The January issue of the DORA HOA Info Office Complaints Report, contains a review of what exactly the HOA Information Office and Resource Center has done, seen and heard in the past year.  Here is what stands out to me:

  1. The largest area of complaint (17% of the 477 complaints) relates to records and transparency issues;
  2. Most complaints come from low income mid-rise condominium associations;
  3. Colorado Springs/El Paso county had the highest number of complaints (21% of the 477 complaints).

What can we, in the industry, take away from this data?First, non-profit corporations are following in the steps of for-profit corporations where shareholders/members are demanding more transparency and more disclosure through records.  Think Enron, Sarbanes-Oxley Act, etc.. If we do not continue to provide increased access to information and transparency, legislators will force it through law which may only apply to community associations.  Second, it is likely that the high number of complaints coming from low income, mid-rise condominiums are a result of volunteer board members taking on duties beyond their scope of knowledge due to the lack of funds to hire professionals (association managers, attorneys, accountants, engineers, etc.).  Lastly, with only 477 complaints, I wonder if this will at all impact the sunrise process currently underway with respect to credentialing or licensure and regulation of community association managers.  477 complaints from over an estimated 20,000 associations represents only 2.3% which may indicate that there really aren’t widespread problems in need of legislative fixes but rather a few abuses.

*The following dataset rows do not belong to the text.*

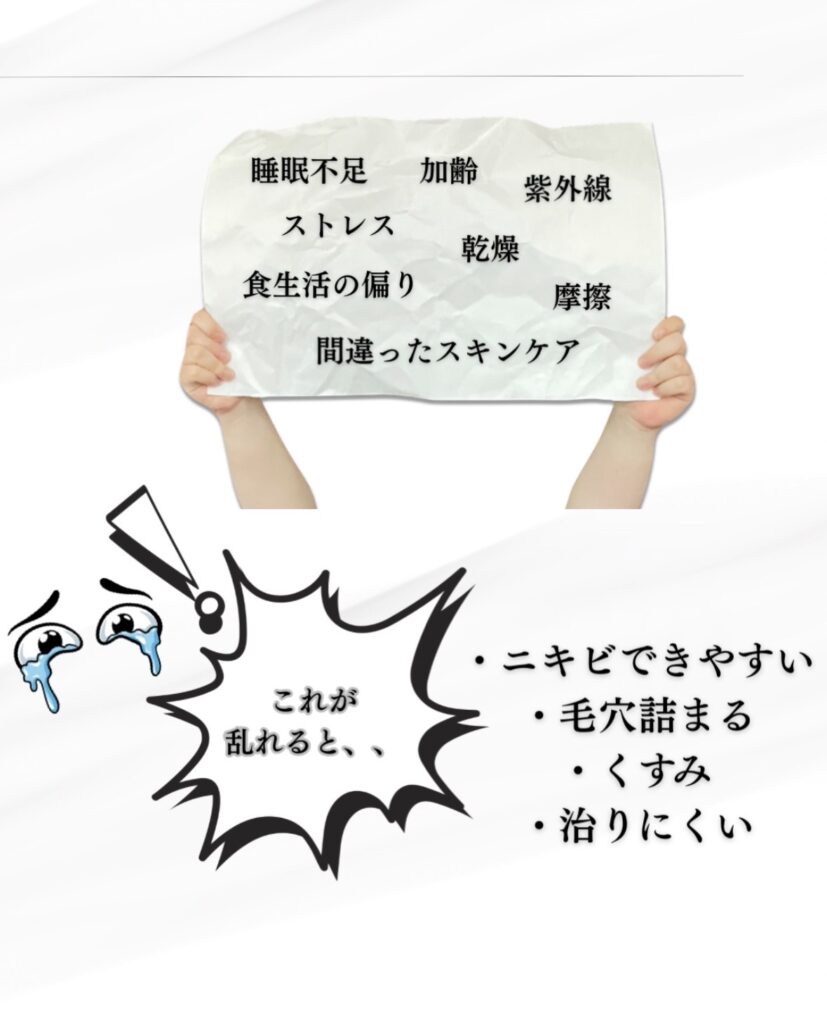 ターンオーバーが乱れる原因（紫外線・ストレス・睡眠不足）と、それによって引き起こされるニキビや毛穴詰まりのトラブル例。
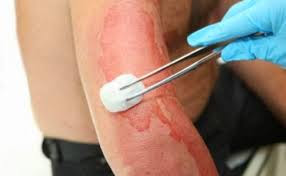 pengobatan tradisional luka tersiram air panas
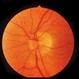 Neomycin Allergy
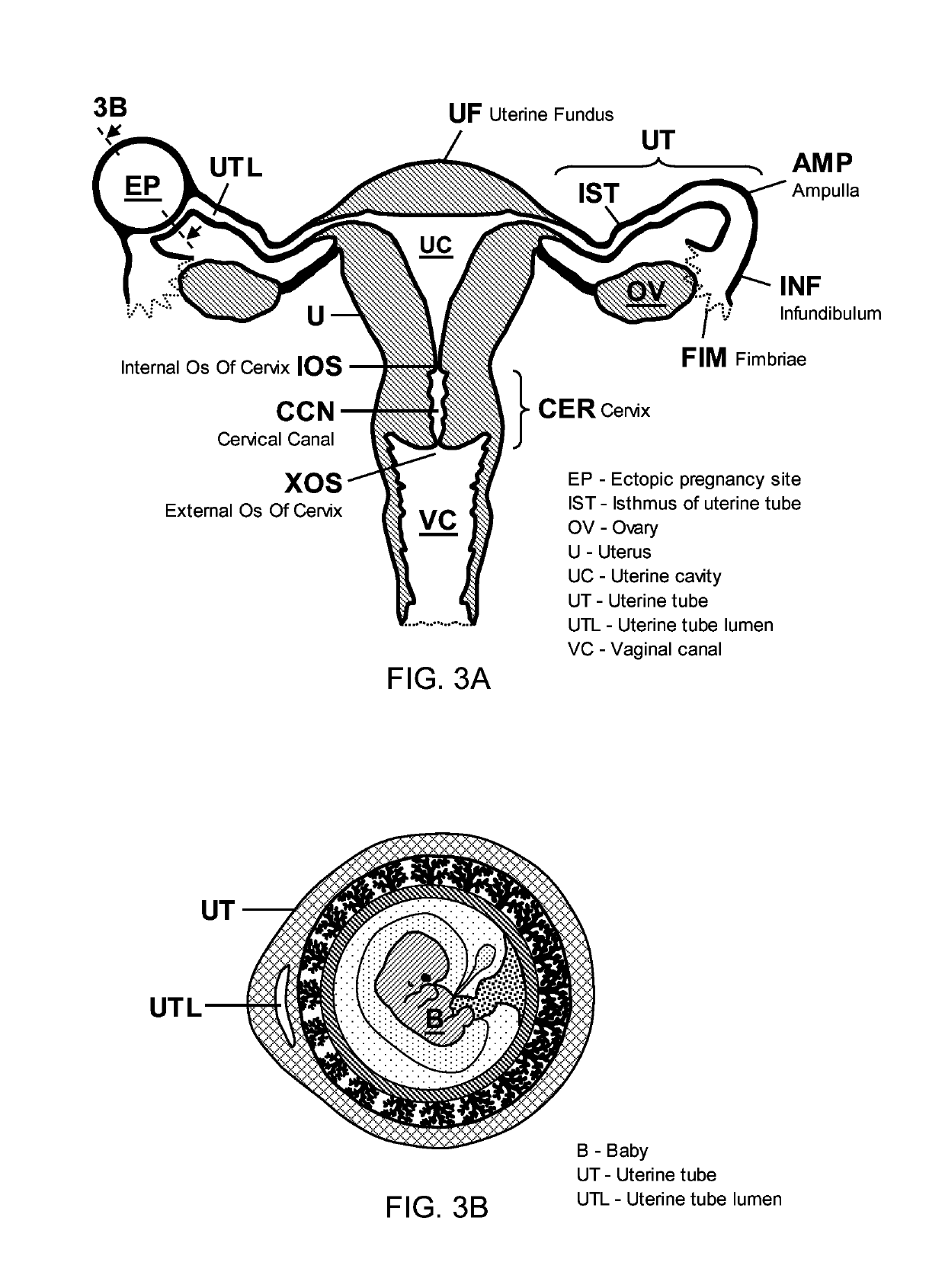 Nondestructive means of ectopic pregnancy management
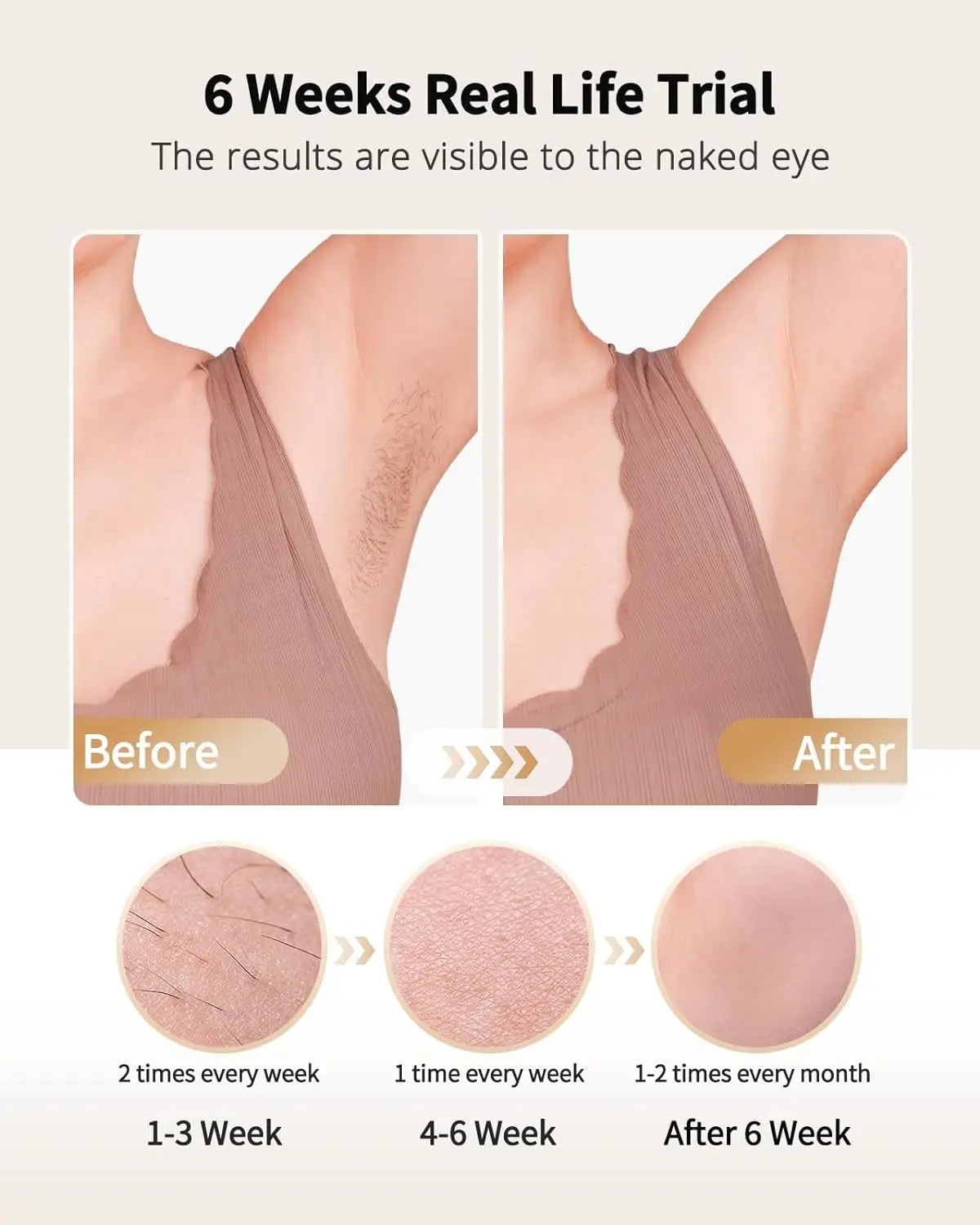 LYSMOSKI Laser Hair Removal Epilator Ice Cooling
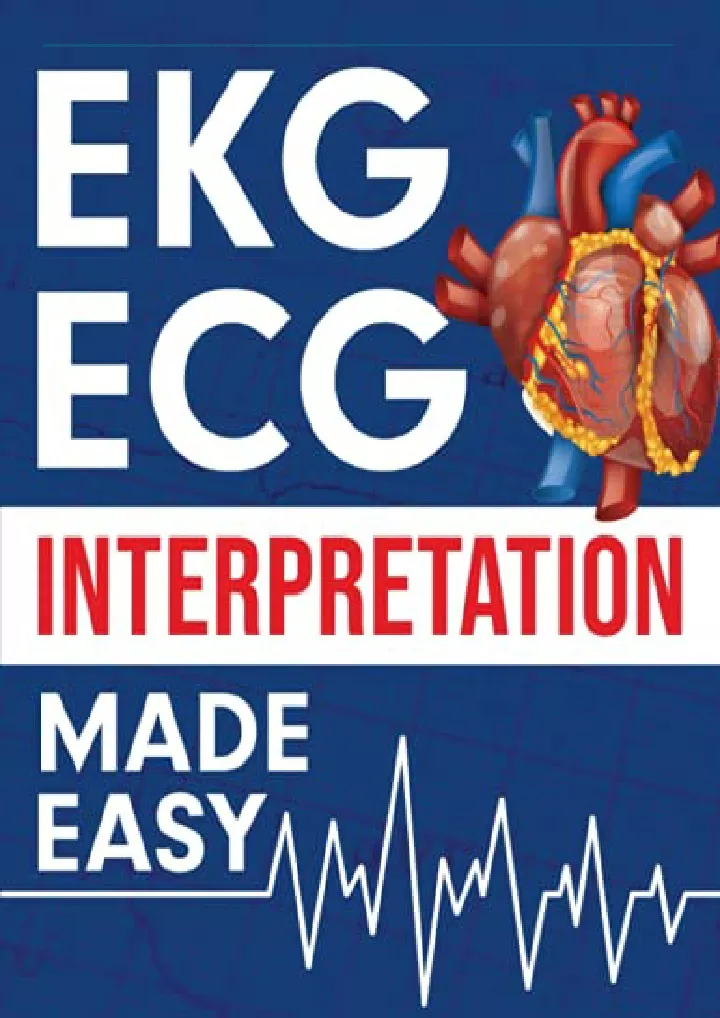 ekg ecg interpretation made easy an illustrated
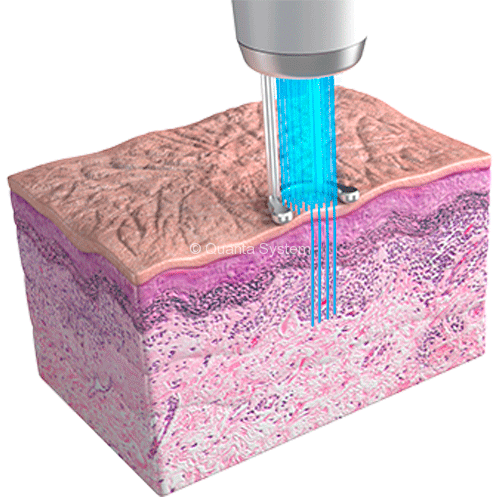 Discovery Resurfacing 1 e1525935098681 img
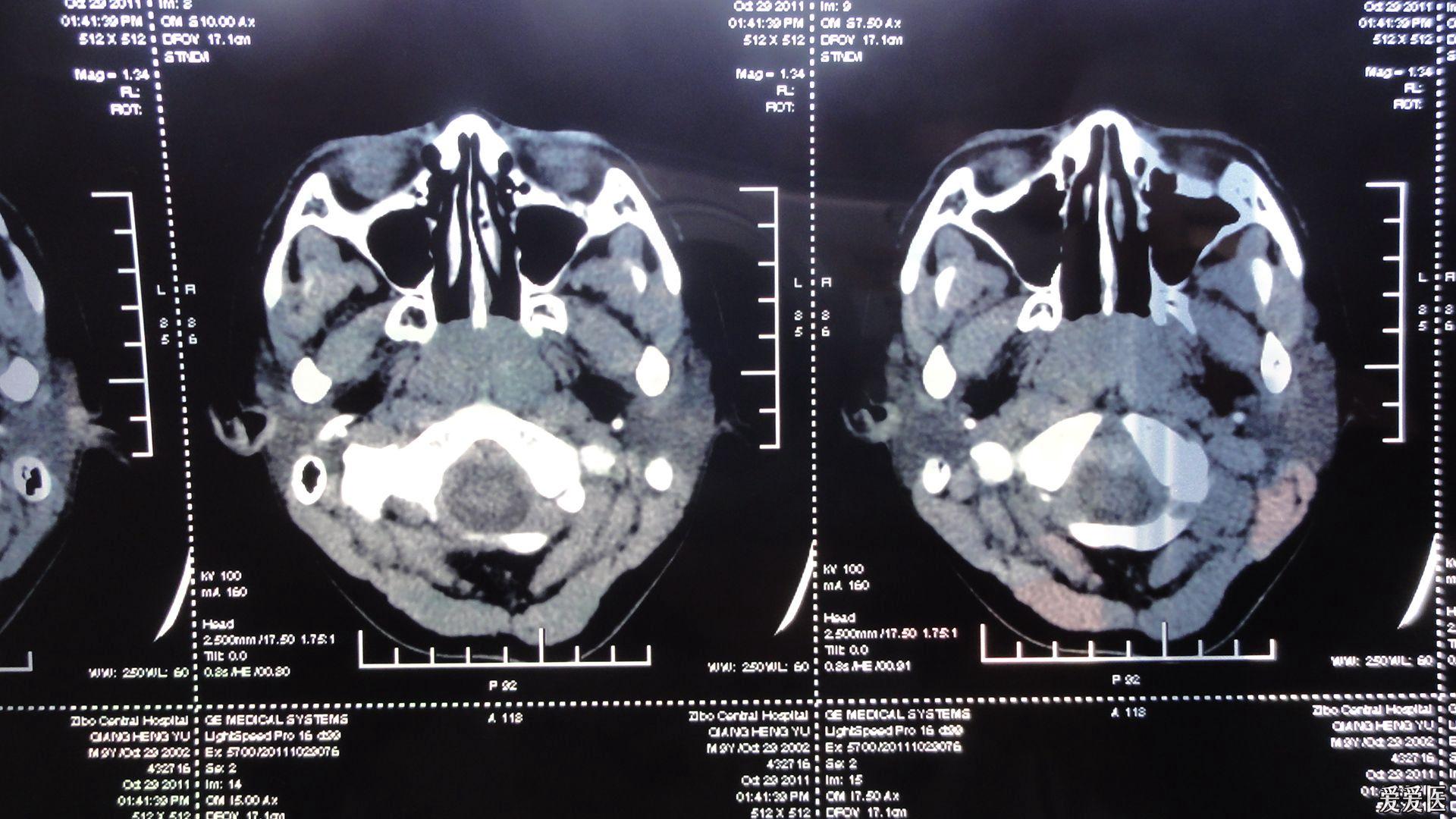 内科大夫求助增殖体肥大
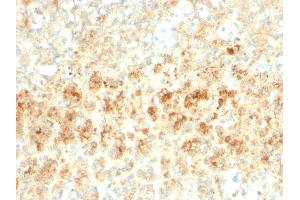 Formalin-fixed, paraffin-embedded human Adrenal Gland stained with Adipophilin Recombinant Rabbit Monoclonal Antibody (ADFP/2755R). (Recombinant ADRP 抗体  (AA 249-376))
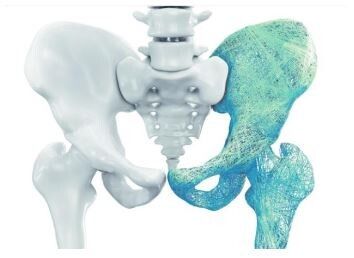 Hope after hip fracture with new registry toolbox launch
Read more buff.ly/3gzwcIU

#hipfractures #AsiaPacific #APACregion #alarmingrate #death #disability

2 responses to “Year in Review by HOA Information Office and Resource Center
  1. I’m not sure how much-more regulated the record-review provisions of CCIOA could possibly be, but I’m sure the Legislature would find a way. The law seems pretty clear to me, and not open to a lot of interpretation (or mis-interpretation). Do we know if the people who filed the complaints are persisting in their requests, or do they just make the requests, and then go directly to a “complaint?” It seems to me that all they would need to do is copy the applicable section from CCIOA, and ask their manager to confer with the owner of the management company or with the association’s attorney, or, at least, to reconsider. The records should be forthcoming. That’s what I did when my HOA attempted to raise the amount of the assessments without first having gone through the budgeting process mandated by CCIOA. The response was “We stand (or sit) corrected.”

    Does Aaron ask the complainants if they have taken any further action to pursue their claim? Does he offer an opinion on the validity of “complaints?” We all know that the vast majority of them are groundless or friviolus. And yet, the 2.3% complaint rate would indicate that problems are not as widespread as the complainants would like to have the Legislature believe. But then, we knew that, didn’t we? So all we’ve accomplished is spent money on a process that produced the exact results which we had said it would. What a country!